Reuniting (Great Lakes tributaries) and it feels so good

Twenty years ago, Amy Beyer began compiling an inventory of dams and road-stream crossings as part of her job with Resource Conservation Alliance in Traverse City, Mi.

Today she runs the organization, which has become a national leader in removing small dams and replacing culverts that disrupt stream flow and block fish passage.

“When I started doing this I wondered how we would ever get all of these projects done. Now we’re taking out these dams and replacing culverts like never before,” Beyer said during a session at the 8th annual Great Lakes Restoration Conference in Cleveland.

Beyer and Lisha Ramsdell, program director at Huron Pinesin northeast Michigan, said there are hundreds of obsolete dams and outdated culverts in the blue ribbon trout streams that crisscross northern Michigan.

Workers remove a dam on a tributary of Michigan’s Manistee River.

Their agencies work to reconnect free-flowing streams to the Great Lakes. Removing dams, culverts and other barriers improves fish habitat, water quality and can stimulate the local economy.

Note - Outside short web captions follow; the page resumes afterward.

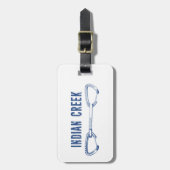 Indische kreeftenklimming bagagelabel (Voorkant verticaal)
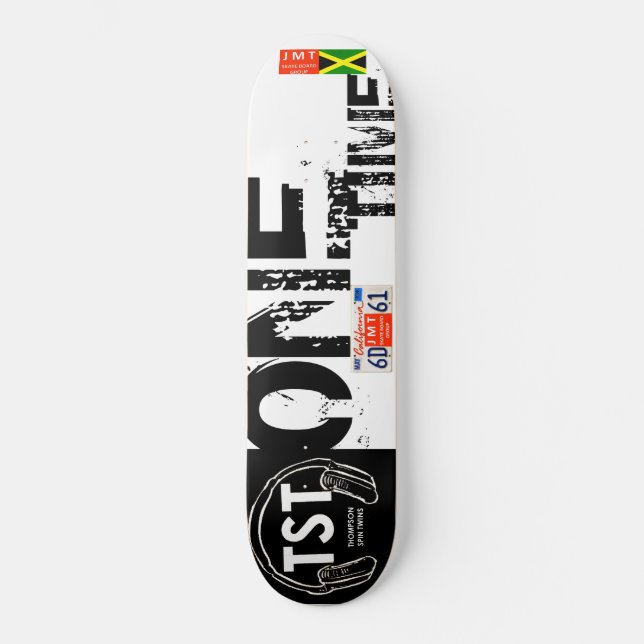 EINMAL SKATEBOARD /JMT USA Skateboard (Vorderseite)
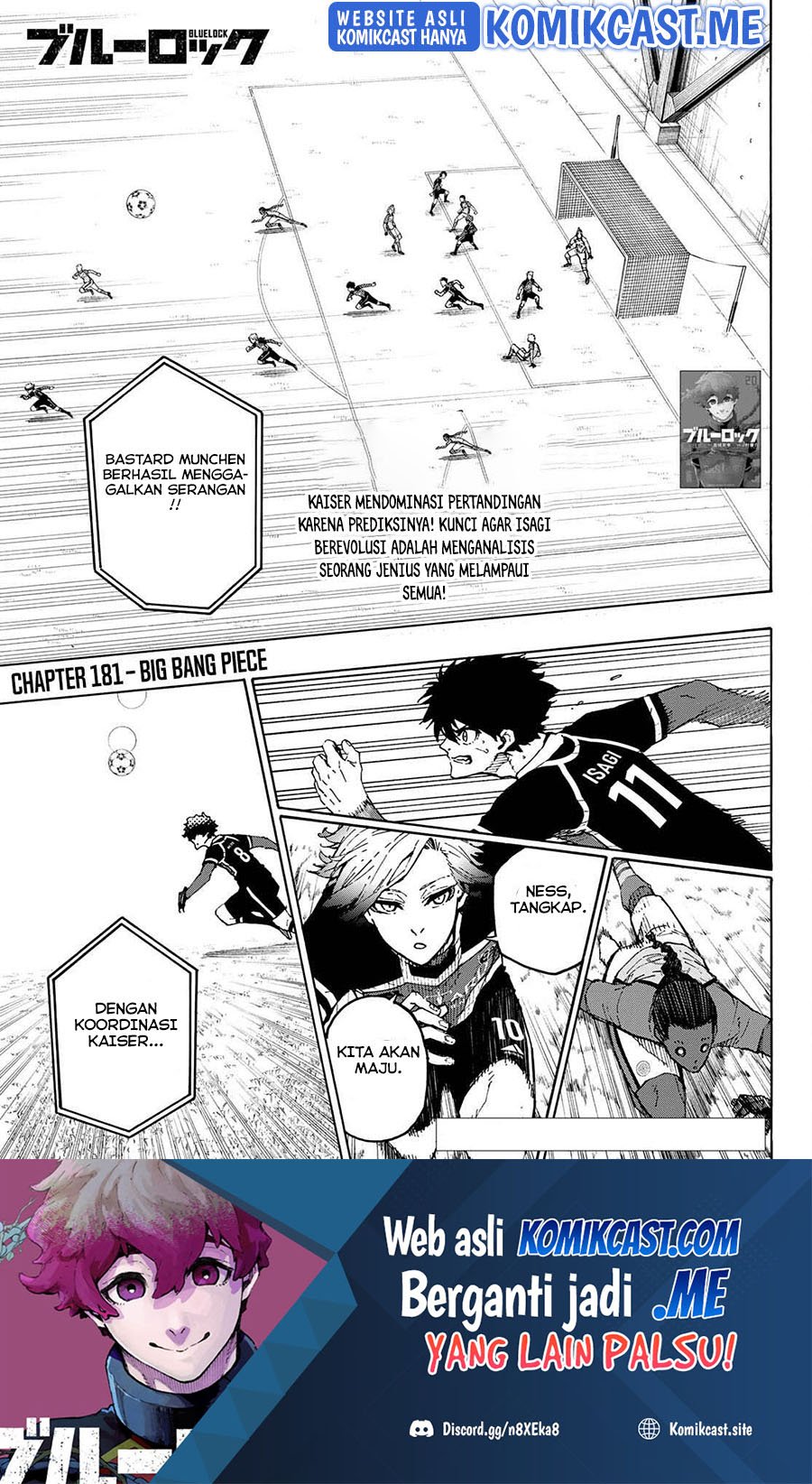 Blue Lock Chapter 181 - halaman 2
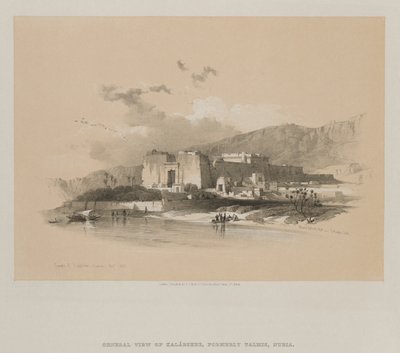 Ägypten und Nubien, Band II: Tempel von Kababshe, Nubien, 1848 von Louis Haghe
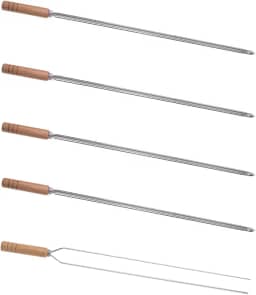 Kit 5 Espetos para Churrasco 85cm Aço Inox Kort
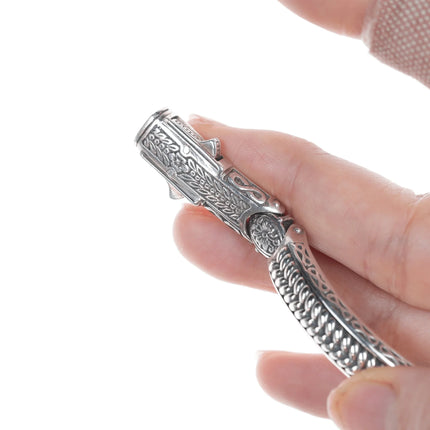 7.5" Greek Konstantino silver Bracelet - Estate Fresh Austin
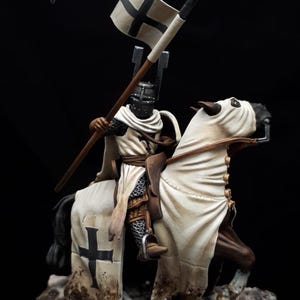 Teutonic Knight at Lake Peipus, 1/72, 28mm, 32mm, 1/35, 54mm, 75mm, Resin Historical Northern Crusades Miniatures
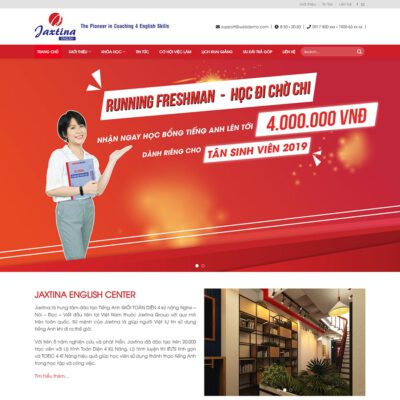 Thiết kế web trung tâm học tiếng anh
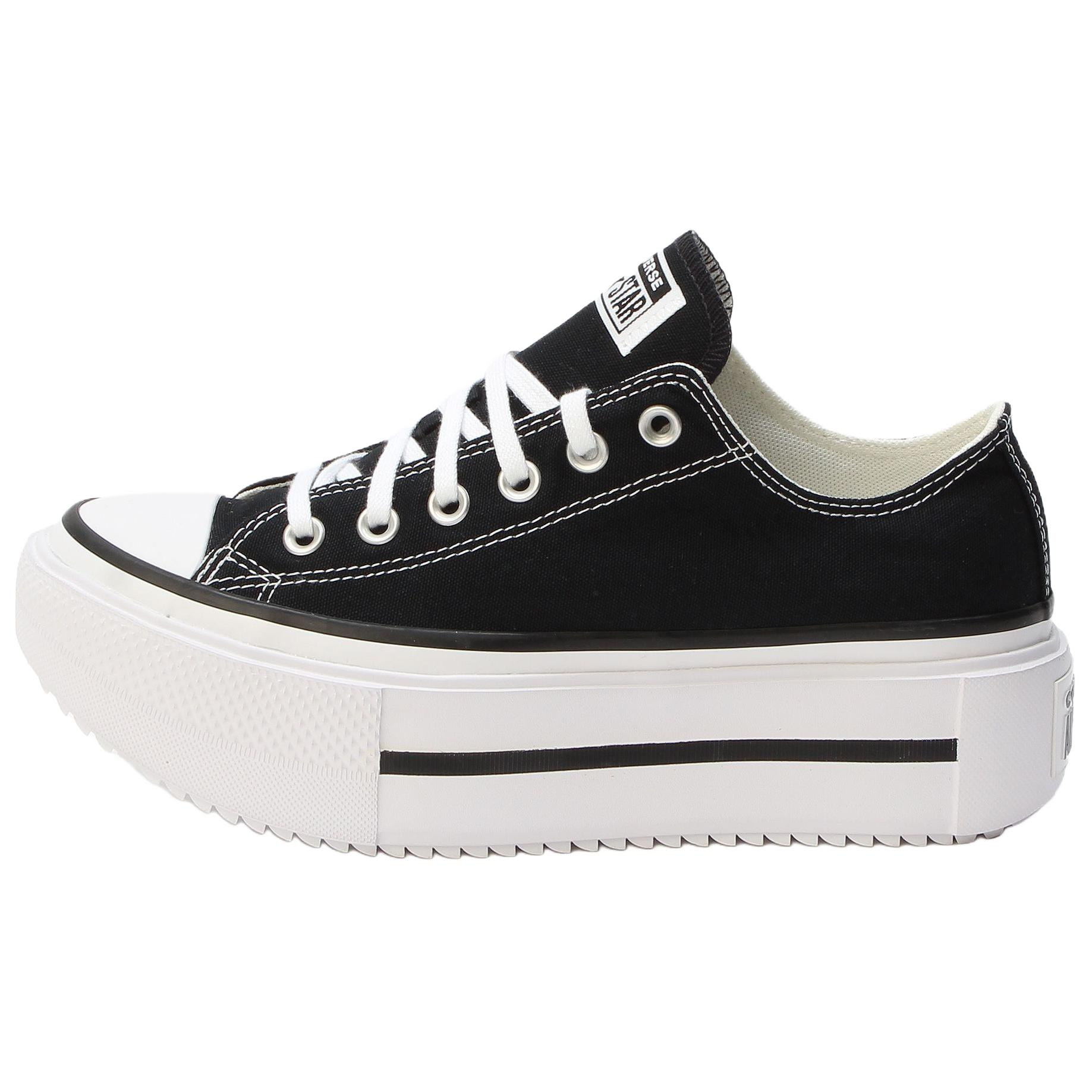 Кеды Converse Converse Double Stack (черно-белые)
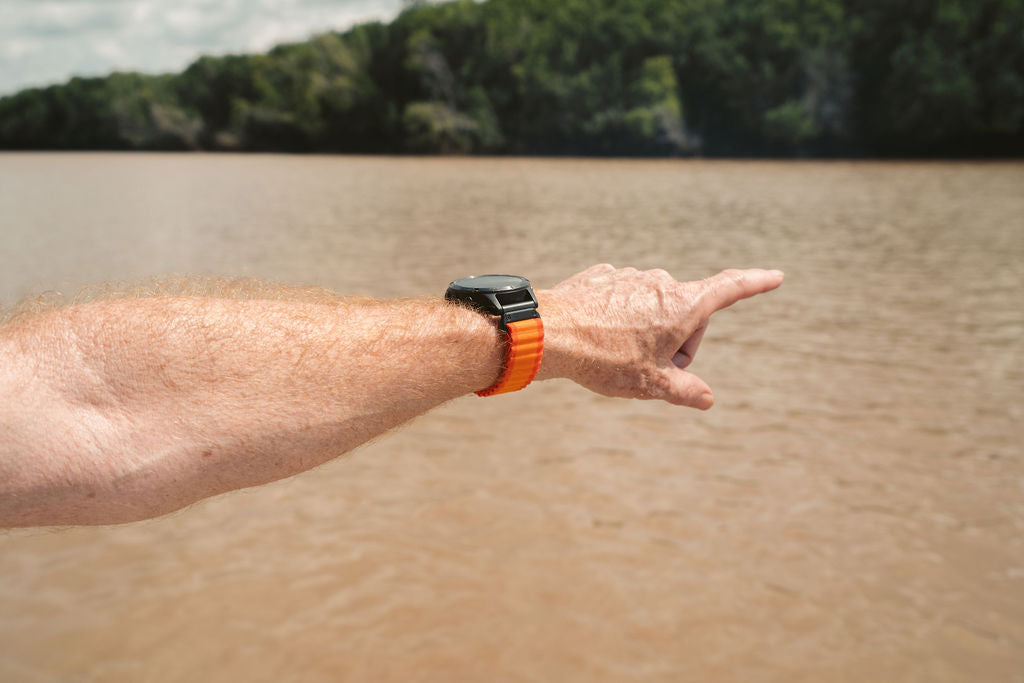 Ocean loop m/quick fit for Garmin oransje
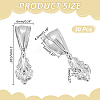 30Pcs Rack Plating Brass Glue-on Flat Pad Bails KK-HY0004-20-4
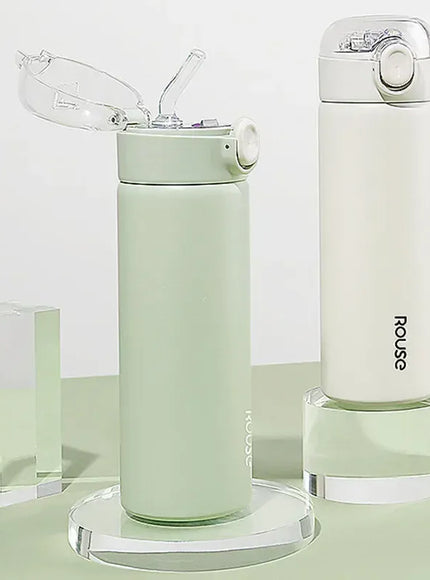380ml Stainless Steel Vacuum Flask Straw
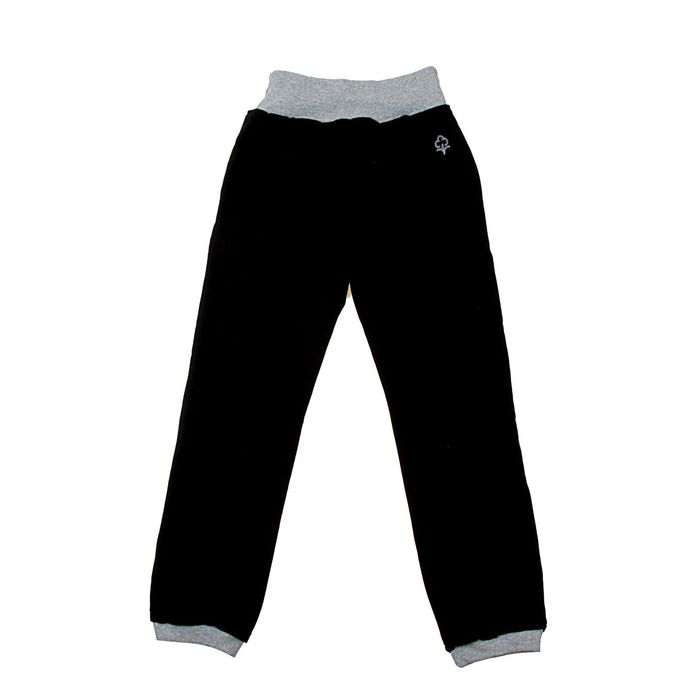 Брюки для девочки, рост 164 см (88), цвет чёрный/серый меланж (арт. Д 07210-В_П)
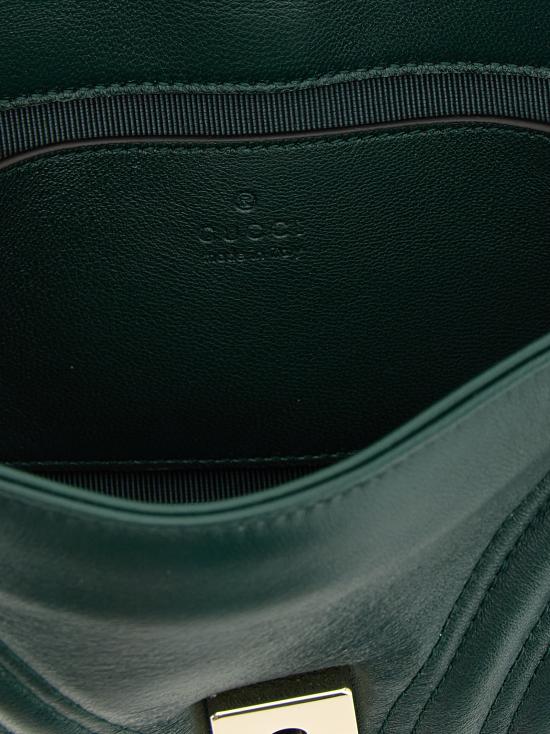 26FW 구찌 GG 마몽 스몰 숄더백 837280AAE383020 Green - GUCCI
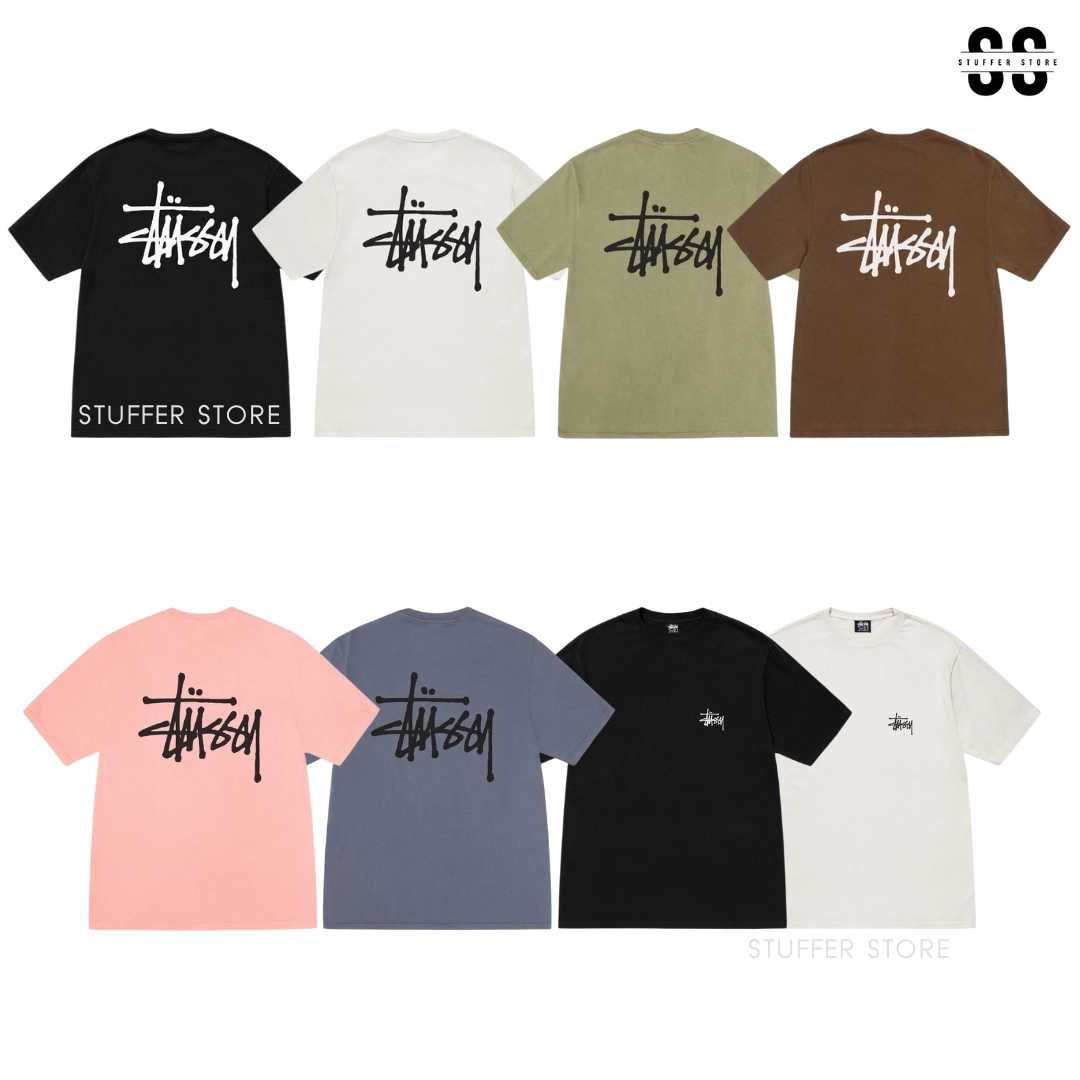 STUSSY BASIC STÜSSY TEE PIGMENT DYED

Ramsdell said her agency identified 217 barriers (small dams, lake level control structures, road crossings and culverts) that affected stream flow in just one Michigan river system — the Rifle River.

Obsolete dams, road crossings and culverts that disrupt natural stream flow and block fish passage are a major problem across the Great Lakes, said Patrick Doran, Director of Science for The Nature Conservancy’s Michigan chapter.

The creek after the dam was removed. (Resource Conservation Alliance photo)

Doran said new research has identified 276,000 dams, road crossings and culverts that may be blocking fish passage, disrupting natural stream flows and warming water temperatures in the eight states on the U.S. side of the Great Lakes.

In other words, a huge problem that could cost billions of dollars to remedy.